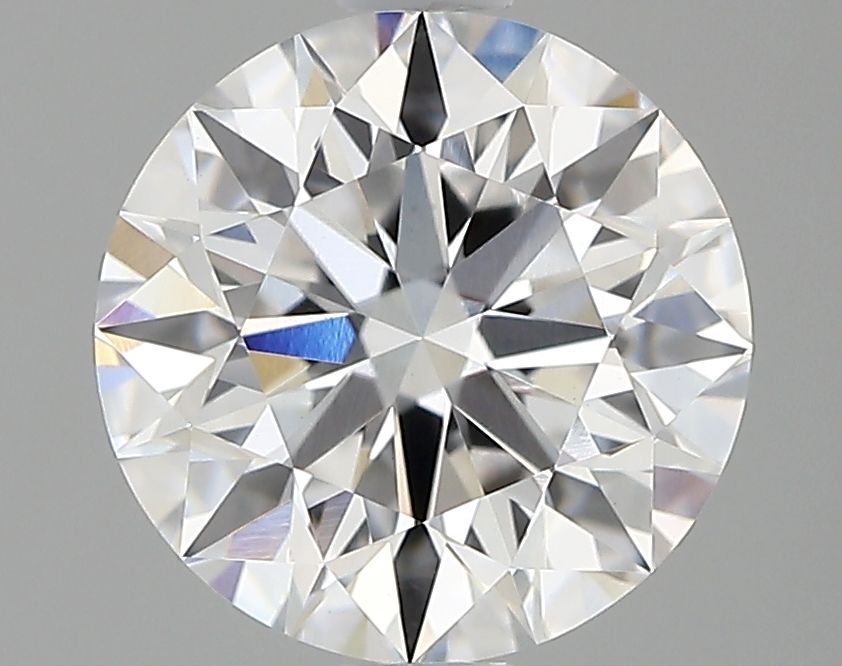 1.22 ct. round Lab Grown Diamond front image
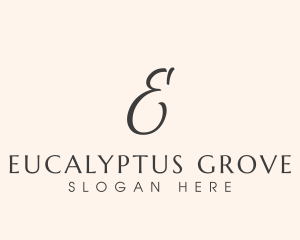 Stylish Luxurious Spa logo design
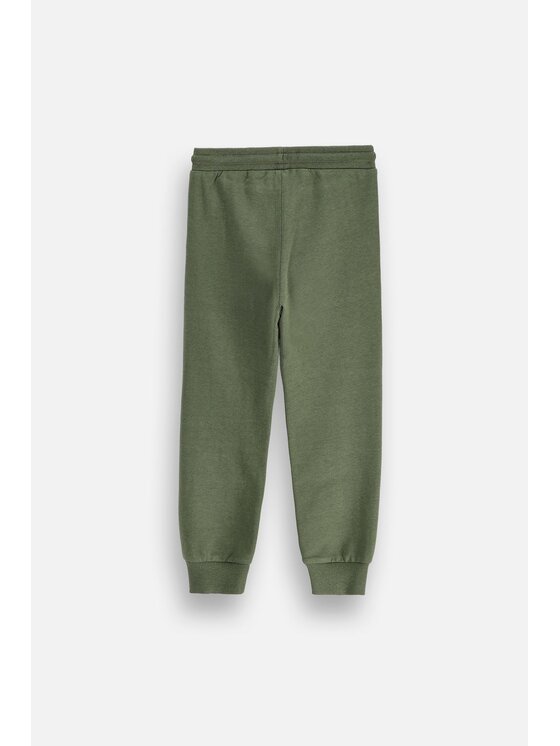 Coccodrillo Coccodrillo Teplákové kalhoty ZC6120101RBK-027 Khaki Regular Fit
-*-
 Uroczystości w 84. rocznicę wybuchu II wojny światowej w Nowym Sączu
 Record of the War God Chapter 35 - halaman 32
-*-
[What is required]
Everything above from the line containing "Stylish Luxurious Spa logo design" down to the line containing "Coccodrillo Coccodrillo Teplákové" is to be duplicated exactly, both lines included, and the pictures are to be omitted.

[Solution to this task]
 Stylish Luxurious Spa logo design
 Coccodrillo Coccodrillo Teplákové kalhoty ZC6120101RBK-027 Khaki Regular Fit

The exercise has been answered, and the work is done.